- Hangul: 룡곡서원
- Hanja: 龍谷書院
- RR: Ryonggok seowon
- MR: Ryonggok sŏwŏn

= Ryonggok Academy =

Historic building in Pyongyang, North Korea

The Ryonggok Confucian Shrine and Academy is located in Mangyongdae-guyok, Pyongyang, North Korea. It is listed as a National Treasure of North Korea.

==History==
Built in 1656, the Shrine is located on the slopes of Mount Ryonggak, about ten kilometers from Pyongyang. The Academy was damaged by fire in the early 1710s, and was rebuilt in 1713.

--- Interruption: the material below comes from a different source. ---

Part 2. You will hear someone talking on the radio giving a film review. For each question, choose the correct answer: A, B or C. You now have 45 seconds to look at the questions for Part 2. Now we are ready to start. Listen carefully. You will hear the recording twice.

The Academy served as a private educational institution during the Ri Dynasty. The complex includes two quarters - an auditorium and a shrine. The buildings were constructed in a row on sloping land. The auditorium quarter include an east classroom and a west classroom. Behind the shrine is a pavilion with a calligraphic board hung under the eaves of the roof.

The complex is also known as the Ryonggok Auditorium. The main building is known as the Taesong Hall; it is the largest building on the complex. The Taesong Hall's roof has a windbreak board on each side, “a unique form, rare to be seen in other old architectures”. The Auditorium includes an outer door, a dormitory and an inner door. The outer door has a two storied gable roof. The first floor of the complex was used as an auditorium and the second floor was used as a lecture room. There are the eastern and western study rooms on the both sides of the inner court. A sign board bearing the school’s name hangs from the eaves of the shrine and a monument in the north western house explains that the school was built in 1713.

==Media Portrayal==
The Shrine is featured in film Ten Zan: The Ultimate Mission.